[Your assignment]:
Take the line containing "Image de la" and every line below it through the end of the entries, and output them verbatim, pictures excluded.

══════════════════════════════

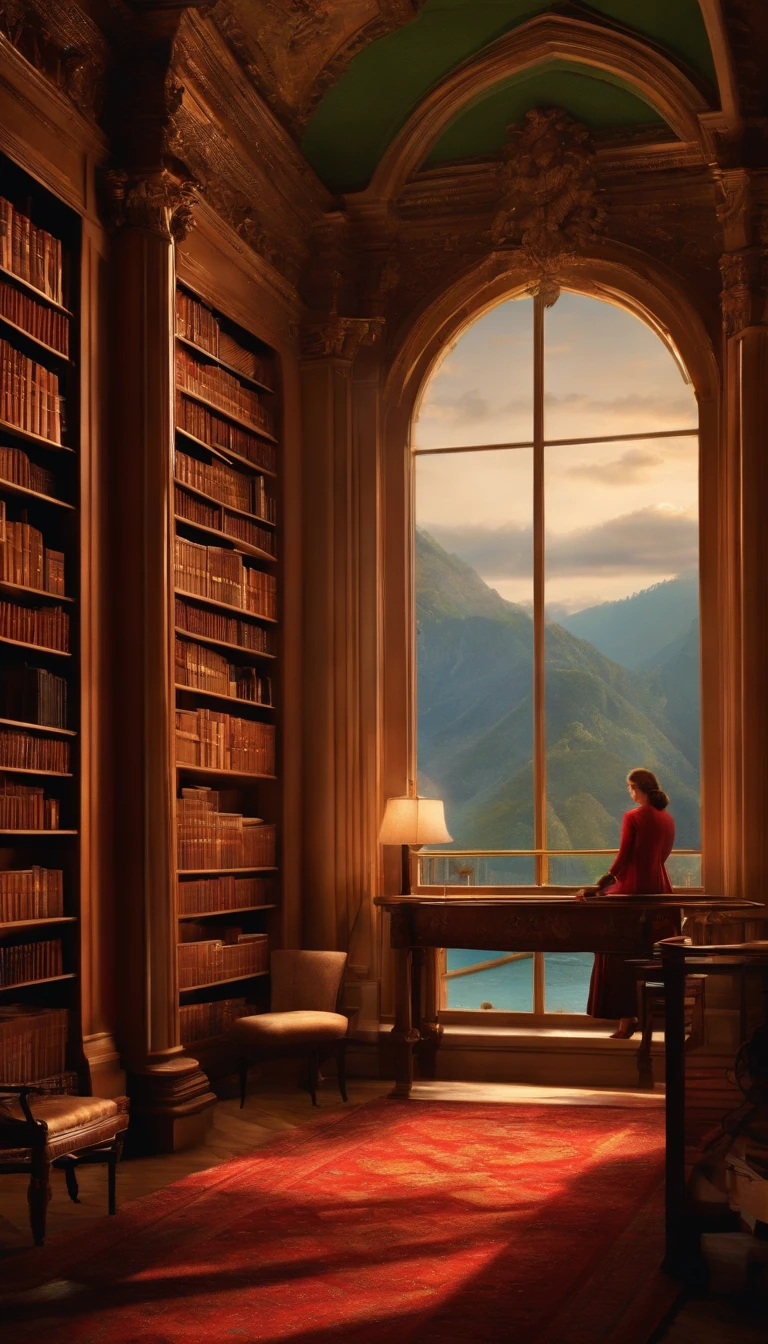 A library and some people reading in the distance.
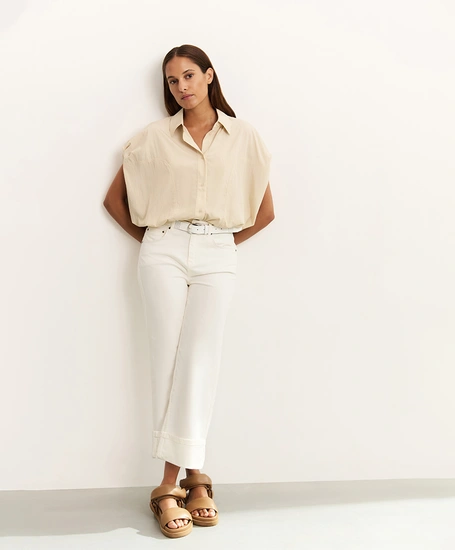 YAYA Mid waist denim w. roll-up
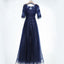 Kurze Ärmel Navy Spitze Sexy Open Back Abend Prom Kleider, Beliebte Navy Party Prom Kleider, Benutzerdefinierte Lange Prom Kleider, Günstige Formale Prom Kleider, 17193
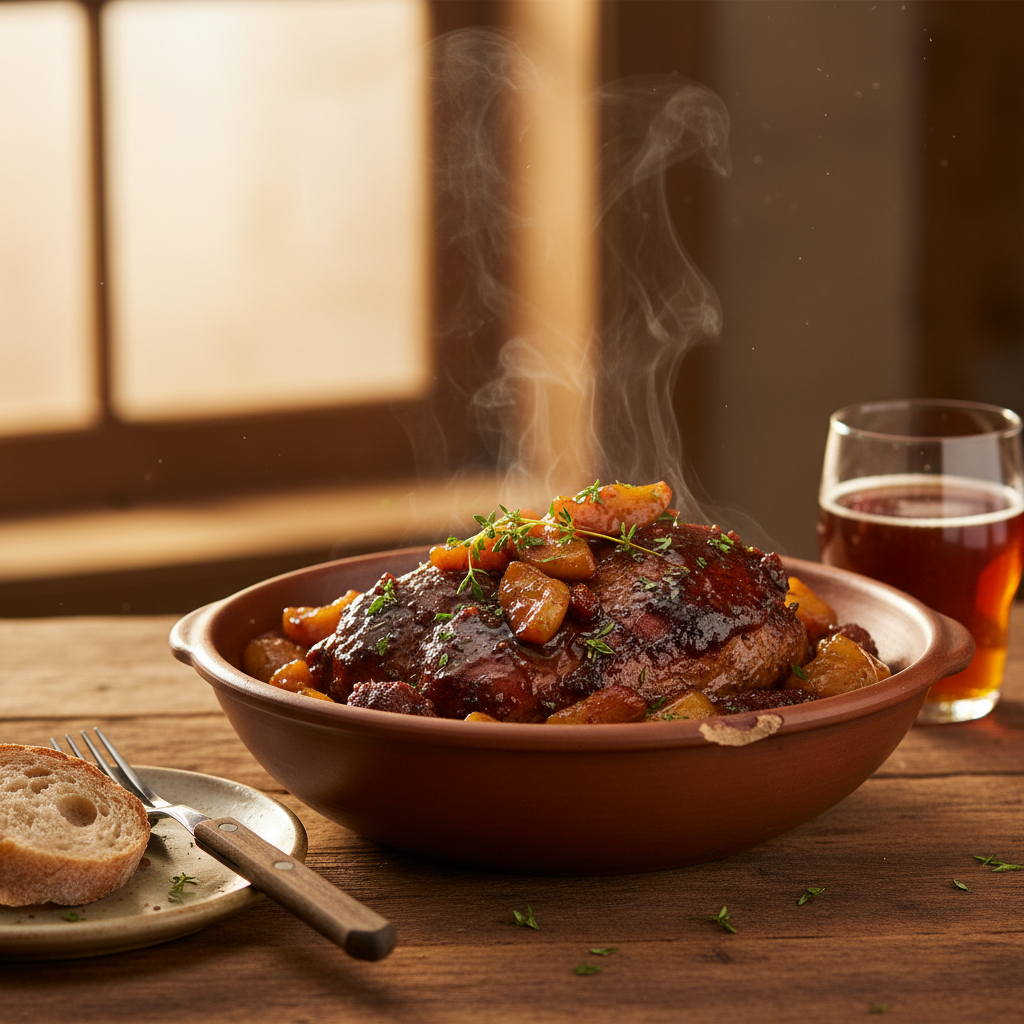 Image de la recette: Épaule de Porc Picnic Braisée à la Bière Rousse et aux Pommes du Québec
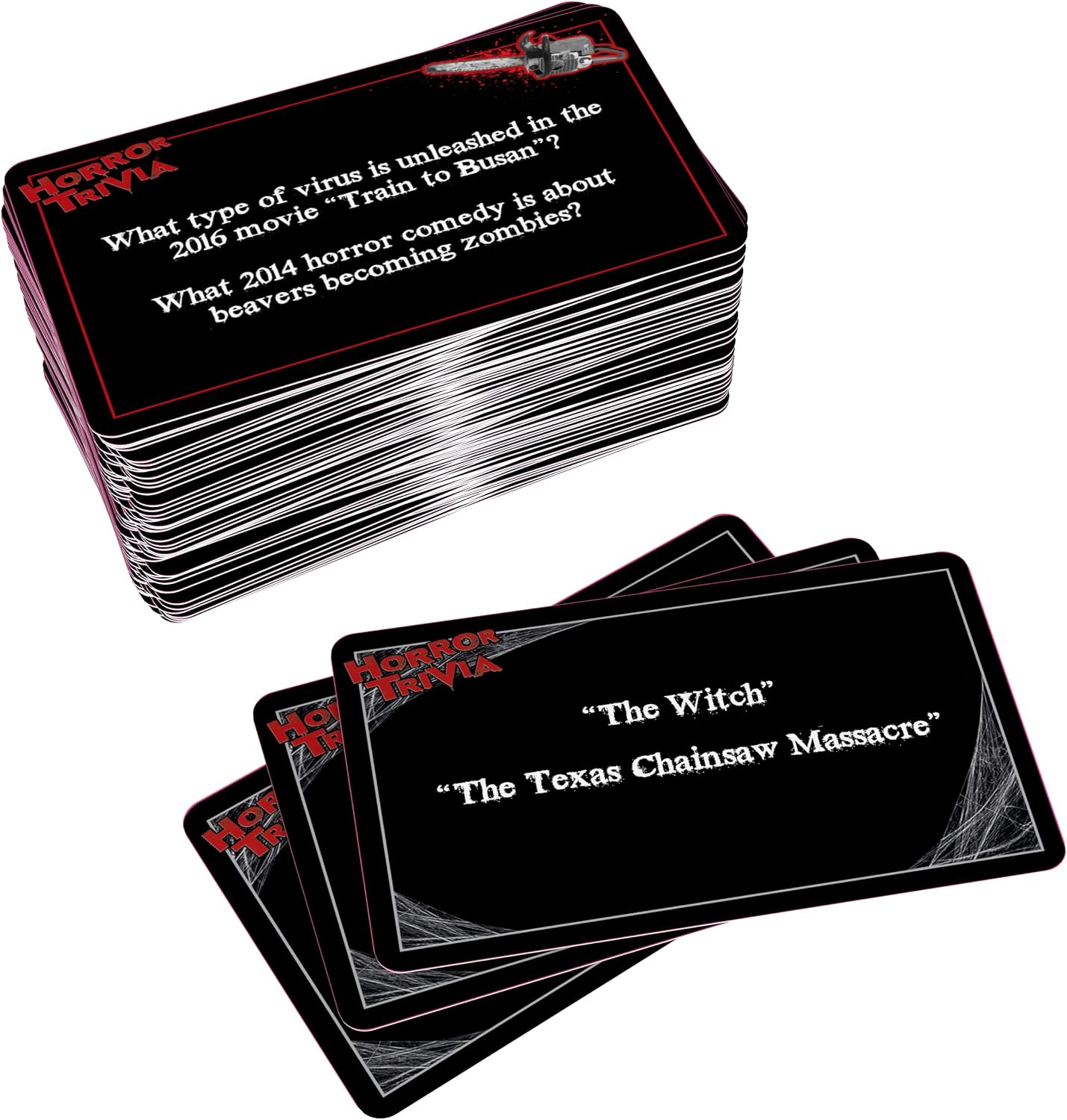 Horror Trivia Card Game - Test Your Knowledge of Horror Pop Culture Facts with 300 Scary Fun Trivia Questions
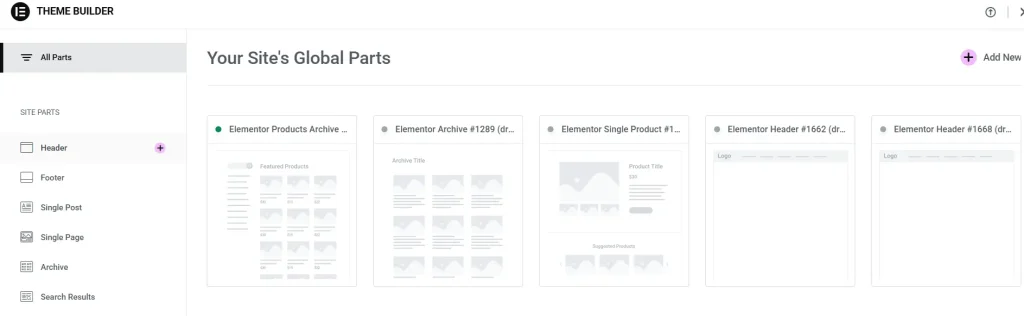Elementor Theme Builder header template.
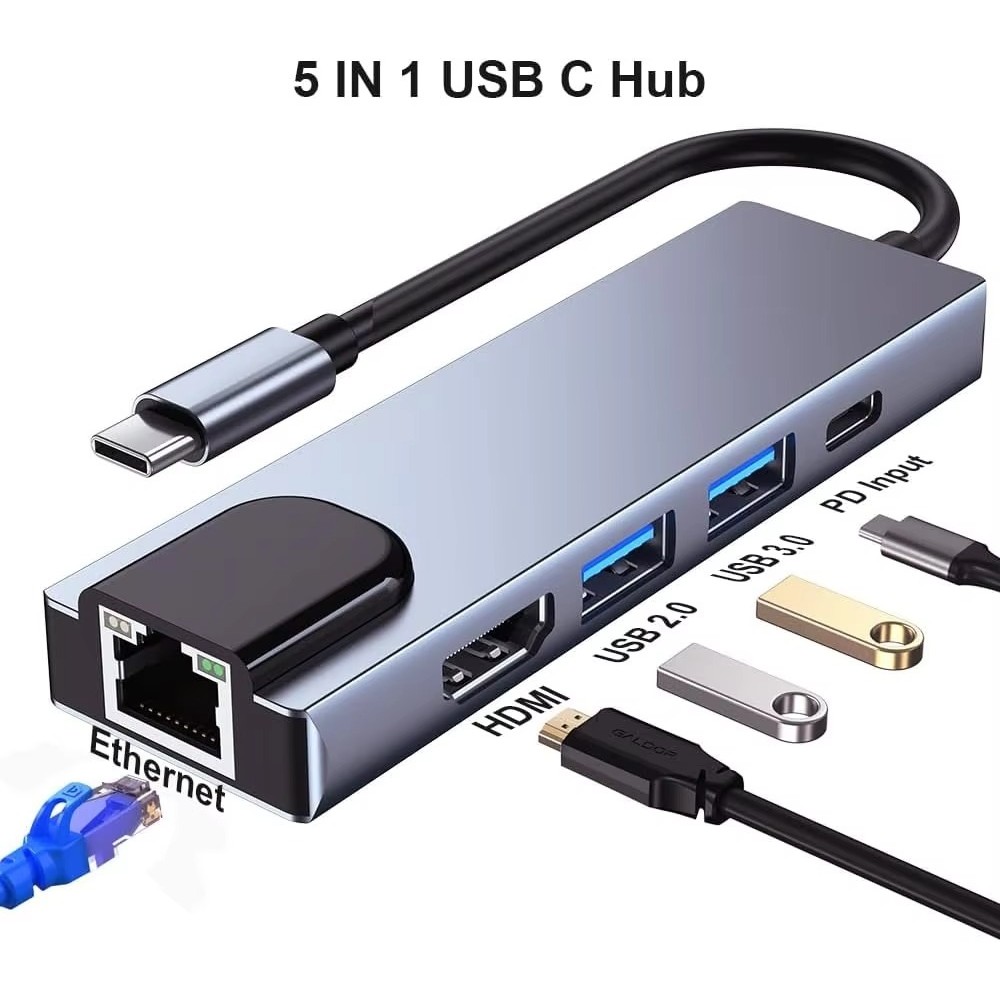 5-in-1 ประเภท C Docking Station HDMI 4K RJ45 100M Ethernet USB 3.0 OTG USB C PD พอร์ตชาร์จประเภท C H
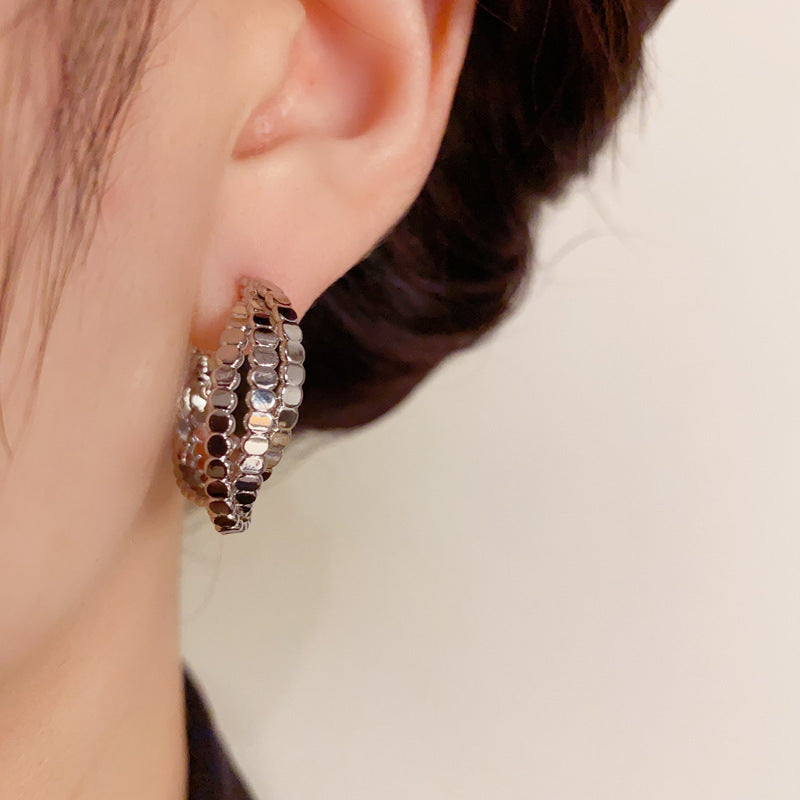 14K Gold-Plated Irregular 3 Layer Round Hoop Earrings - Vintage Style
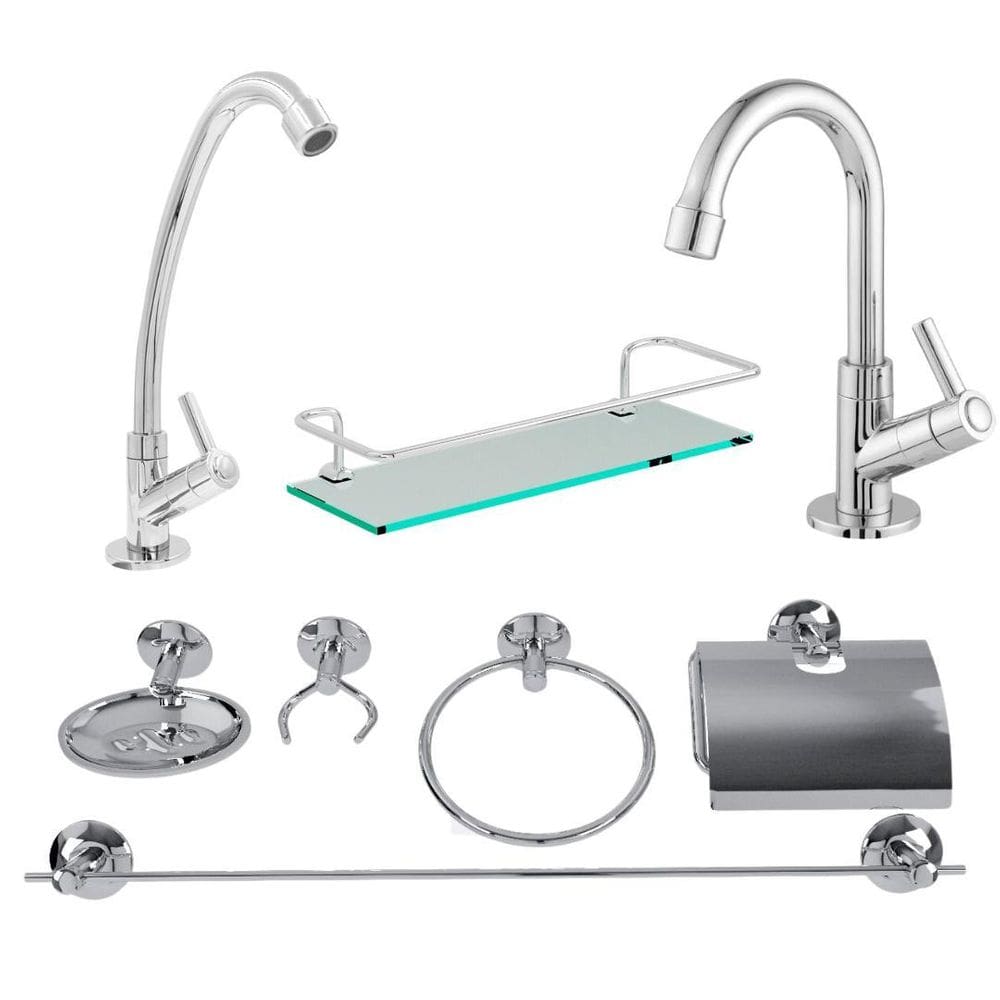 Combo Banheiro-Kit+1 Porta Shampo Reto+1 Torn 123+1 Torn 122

══════════════════════════════

[Written reply]:
 Image de la recette: Épaule de Porc Picnic Braisée à la Bière Rousse et aux Pommes du Québec
 Horror Trivia Card Game - Test Your Knowledge of Horror Pop Culture Facts with 300 Scary Fun Trivia Questions
Elementor Theme Builder header template.
 5-in-1 ประเภท C Docking Station HDMI 4K RJ45 100M Ethernet USB 3.0 OTG USB C PD พอร์ตชาร์จประเภท C H
 14K Gold-Plated Irregular 3 Layer Round Hoop Earrings - Vintage Style
 Combo Banheiro-Kit+1 Porta Shampo Reto+1 Torn 123+1 Torn 122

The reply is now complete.